# [Extracted records]
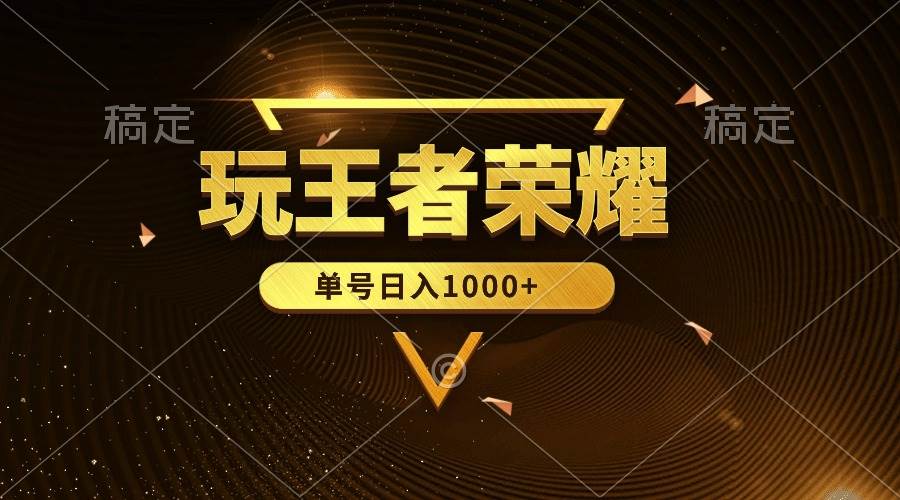 绝对蓝海，玩王者荣耀赚钱，单账号日入1000+，全民项目创富副业网-网创项目资源站-副业项目-创业项目-搞钱项目创富副业网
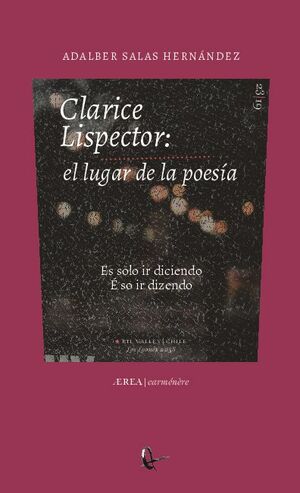 CLARICE LISPECTOR: EL LUGAR DE LA POESIA. ES SOLO IR DICIENDO / E SO IR DIZENDO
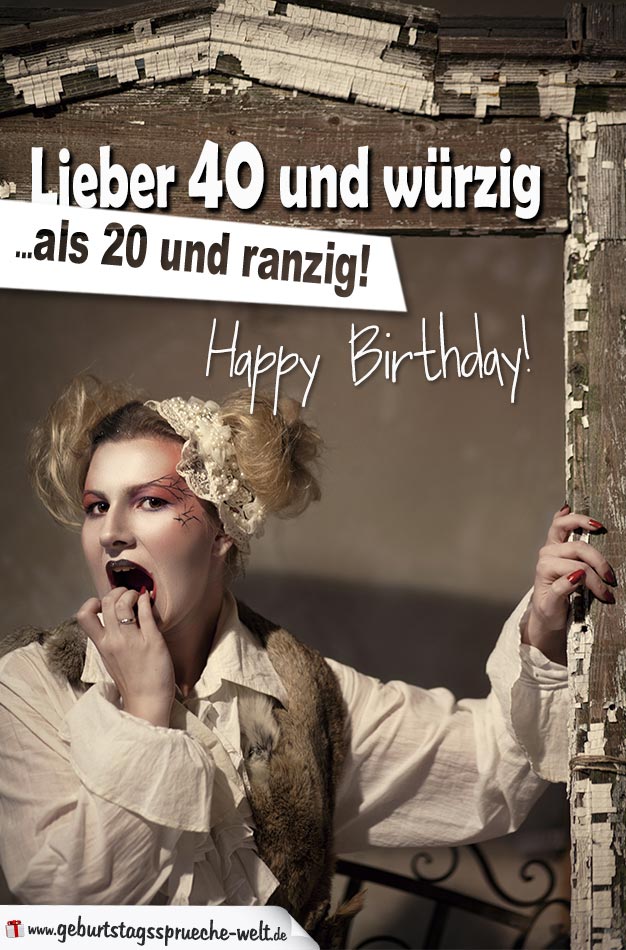 Retro Geburtstagskarte Mit Lustigem Spruch Zum 40 Geburtstag Geburtstagsspruche Welt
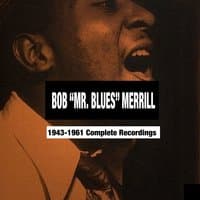 Bob "Mr. Blues" Merrill: 1943-1961 Complete Recordings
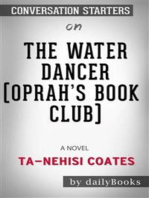 The Water Dancer (Oprah's Book Club): A Novel by Ta-Nehisi Coates: Conversation Starters
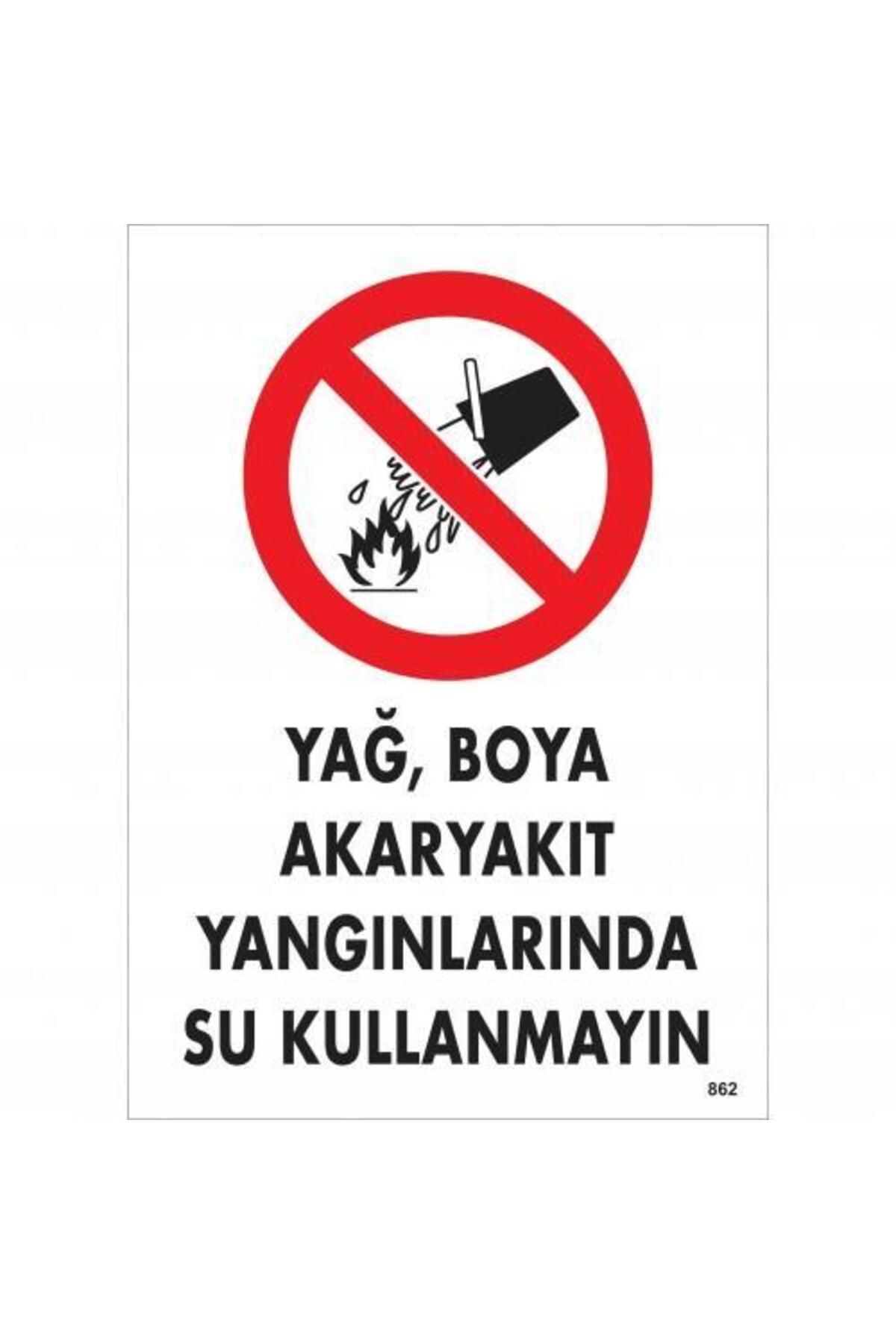 feifei Yağ Boya Akaryakıt Yağlarında Su Kullanmayın Uyarı Levhası 25x35 KOD:862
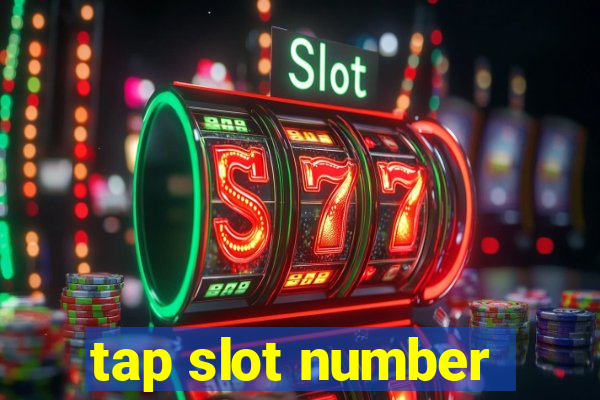 tap slot number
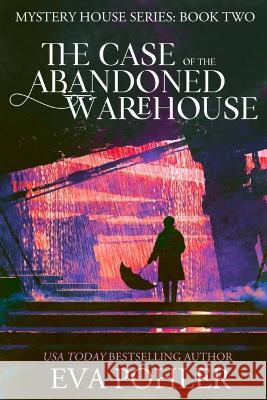 The Case of the Abandoned Warehouse Eva Pohler   9781958390696 Eva Pohler Books - książka
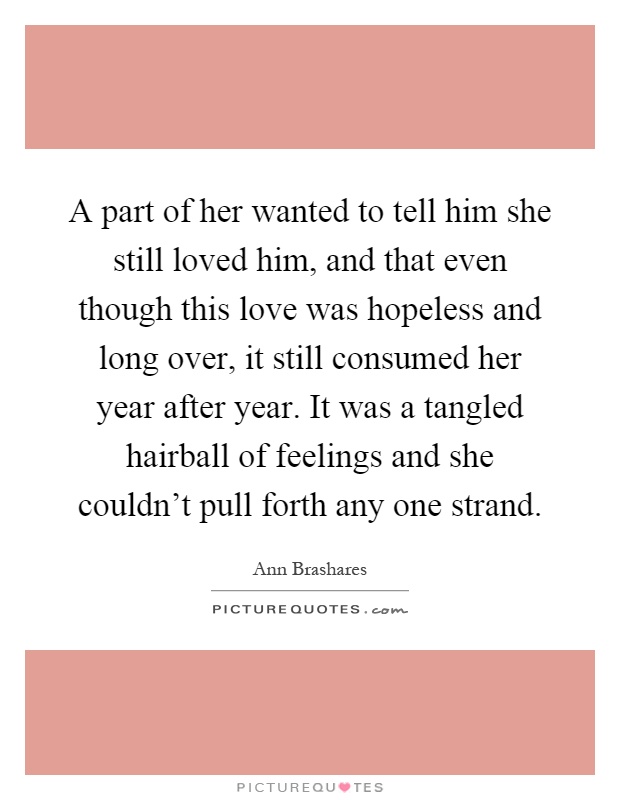 A part of her wanted to tell him she still loved him, and that even though this love was hopeless and long over, it still consumed her year after year. It was a tangled hairball of feelings and she couldn't pull forth any one strand Picture Quote #1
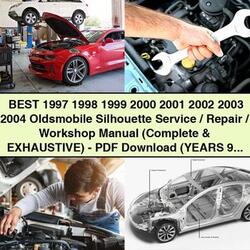 1997-2004 Oldsmobile Silhouette / Service Repair Workshop Manual PDF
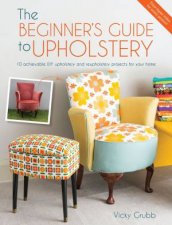 The Beginners Guide To Upholstery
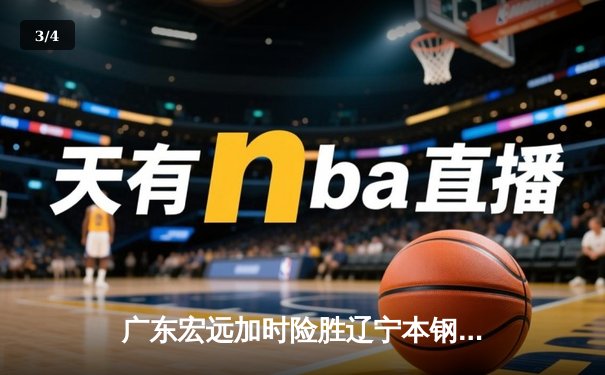 广东宏远加时险胜辽宁本钢 CBA半决赛上演史诗级对决 - 3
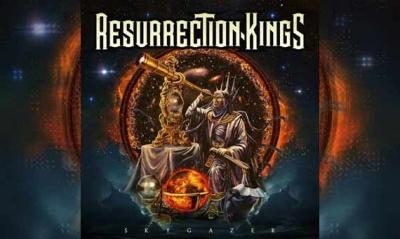 RESURRECTION KINGS – Skygazer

# [WHAT NEEDS TO BE DONE]
Before answering, please find the line containing "The Case of" above, then copy exactly from it through the last line of the entries, both included, without pictures.

# [SOLVED EXERCISE]
 The Case of the Abandoned Warehouse Eva Pohler   9781958390696 Eva Pohler Books - książka
 A part of her wanted to tell him she still loved him, and that even though this love was hopeless and long over, it still consumed her year after year. It was a tangled hairball of feelings and she couldn't pull forth any one strand Picture Quote #1
 1997-2004 Oldsmobile Silhouette / Service Repair Workshop Manual PDF
 The Beginners Guide To Upholstery
 广东宏远加时险胜辽宁本钢 CBA半决赛上演史诗级对决 - 3
 RESURRECTION KINGS – Skygazer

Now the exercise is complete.